Strong backlog bodes well for Q4e

Following the SEK 1bn breakthrough order with the Swedish FMV in May, both Q2 and Q3 were strong quarters. We expect this trend to continue in Q4 given that the FMV order reached a normalised level by the end of Q3. While the US situation remains unclear (the US DoD has yet to extend its previous contract), other customers are more than compensating for this likely temporary loss. As such, we forecast Q4 sales of SEK 234m (+119% y-o-y), comprising SEK 169m in SATCOM sales and SEK 65m in terminal sales. On gross margins, we anticipate a negative impact on the sales mix due to the company's decision to transition the FMV contract to leased capacity, meaning that Ovzon-3 still has unsold capacity. Nevertheless, we see EBIT of SEK 41m, up from SEK -18m in Q4'24.

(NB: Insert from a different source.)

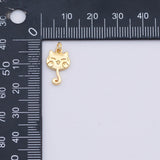 Dainty smiling cat charm 9x15mm kitten kitty gold pvd Plated silver for earrings bracelets necklaces charm minimalist charms cz pave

We push some Q4e revenue into 2026e

Following a quiet period in terms of orders, activity has recently increased, including a SEK 58m terminal order with FMV and an SEK 240m order with a European NATO customer. The latter is particularly significant, as it supports our 2026 estimates and diversifies the customer base, arguably putting pressure on other customer prospects to sign up to Ovzon-3, where current capacity is limited. However, the order does not contribute to Q4e, so we cut '25e EBIT by 7% but lift '26e-'27e by 7-5%. We would also like to highlight that Ovzon has benefited from the recent USD/SEK trends given the recent sales mix change.


Positive momentum continues

2025 has been an eventful year for Ovzon, with several highlights: 1) the signing of the SEK 1bn breakthrough order; 2) the refinancing of its debt (interest rates have been lowered from ~15% to ~4.5%); 3) a more diversified customer base; and 4) becoming profitable in terms of both EBIT and FCF. The stock is trading at 21x '26e EV/EBIT or a 6% FCF yield.